L’approche de Dewey se distingue de ces trois formes « dualistes » (biologique, cognitive et sociale), car elle n’oppose pas le corps à l’esprit, la raison à l’émotion, l’individu à la société. John Dewey se réfère à la notion d’« interaction », dans une logique darwinienne, entre un organisme (un humain, un animal, une plante) et son environnement. Ce dernier est formé des choses extérieures susceptibles d’entrer en relation avec les activités d’un organisme, mais il est constitué également des effets concrets des activités de cet organisme. L’environnement et l’organisme sont ainsi plongés dans un processus d’ajustements et d’échanges réciproques. Plus l’influence de l’organisme est élevée, plus son environnement se confond avec les conséquences ou les effets de ses activités. En se centrant en particulier sur l’interaction qui existe entre le sujet et l’objet, entre l’organisme et l’environnement, Dewey insiste donc sur l’importance du caractère mutuel des relations de dépendance entre ces entités (Steiner, 2010).

Selon Dewey, un sujet se transforme de façon radicale au contact des autres et de son environnement.

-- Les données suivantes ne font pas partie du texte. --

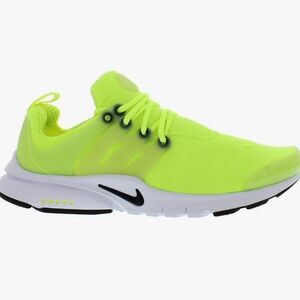 Nike Green Athletic Shoes Lightweight Design size 5Y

Or, sur le plan étymologique, l’interaction (mot composé du préfixe latin inter-, « entre », et de « action », du latin actio, « faculté d’agir ») désigne l’action réciproque de deux ou plusieurs personnes et n’implique pas la modification des entités qui y participent. C’est la raison pour laquelle Dewey substitue le terme de « transaction » (qui vient du mot latin transactio et qui signifie « transiger ») à celui d’« interaction » dans un article coécrit avec Arthur Bentley : « le terme d’"interaction" [entre l’organisme et l’environnement] est dangereux, étant donné qu’il est facile de comprendre qu’il met en jeu deux ou plusieurs existences préalables » (Dewey et Bentley, 1949). A contrario, la transaction suppose que l’on prenne en compte la manière dont la relation entre le sujet et son environnement s’est construite de façon dynamique au cours du temps. Comme le suggère par exemple Scott (2015), illustrant la conception transactionnelle de Dewey, au fur et à mesure que les institutions universitaires se transforment selon une logique entrepreneuriale (liée à la rentabilité), les membres de ces institutions évoluent eux-mêmes (et changent) au rythme de cette transformation dans leur façon de se comporter, d’enseigner ou même d’être ou de vivre dans leur quotidien.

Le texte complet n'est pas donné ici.